> **What you will do**
Before copying, find the line below that contains "Perfectly caramelized fried"; then return it and all later lines exactly, up to and including the final line, with no pictures.

── Data excerpt ──

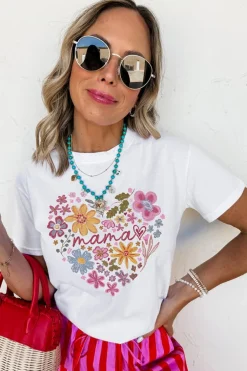 Clearance Dear-Lover MAMA Flower Heart Cotton Blend Graphic Tee White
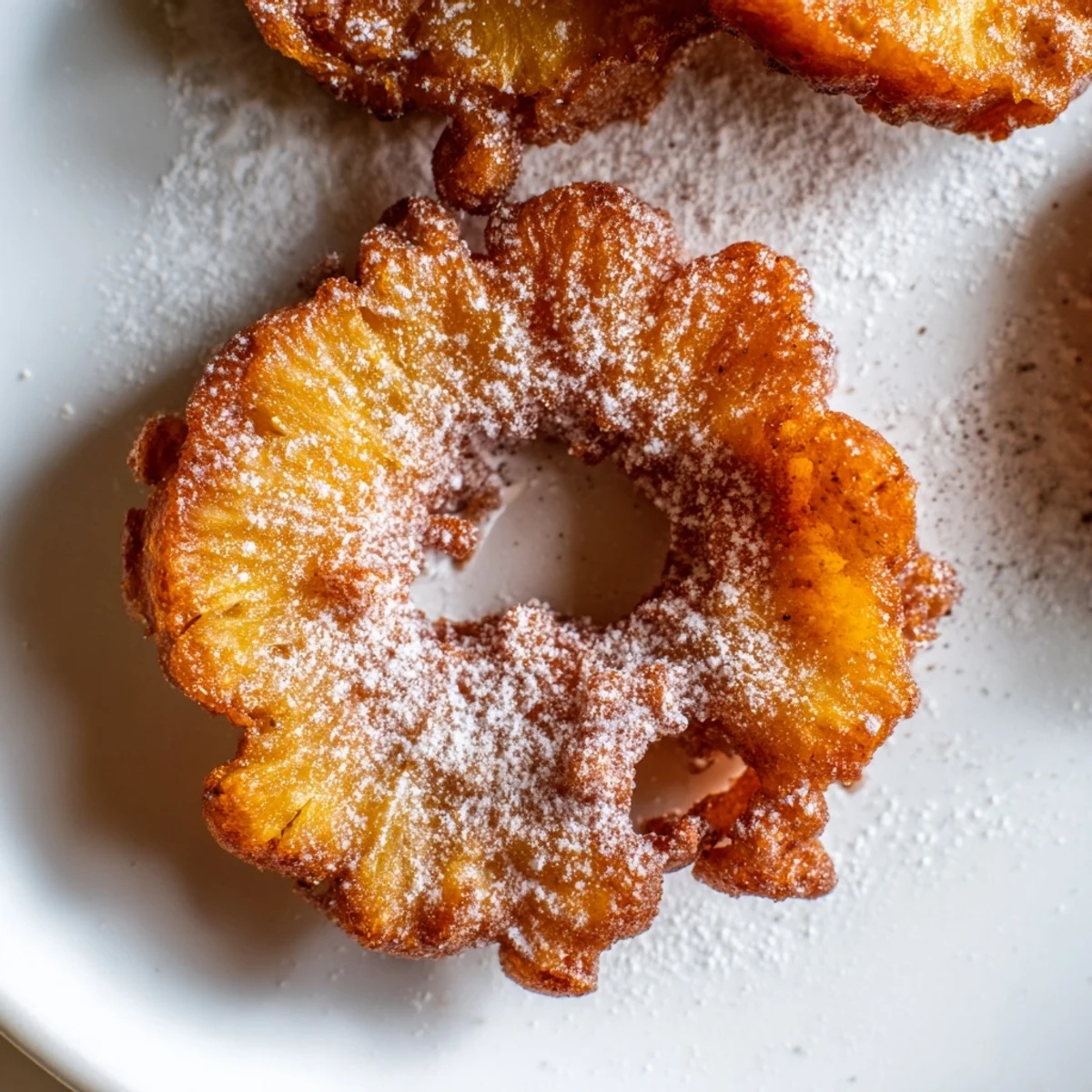 Perfectly caramelized fried pineapple rings paired with a scoop of vanilla bean ice cream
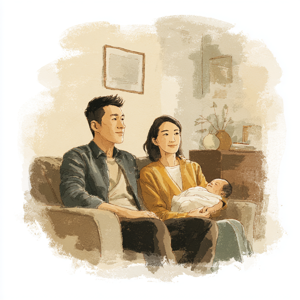 赤ちゃんを抱く夫婦のイメージ写真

───

> **Written solution**
 Perfectly caramelized fried pineapple rings paired with a scoop of vanilla bean ice cream
 赤ちゃんを抱く夫婦のイメージ写真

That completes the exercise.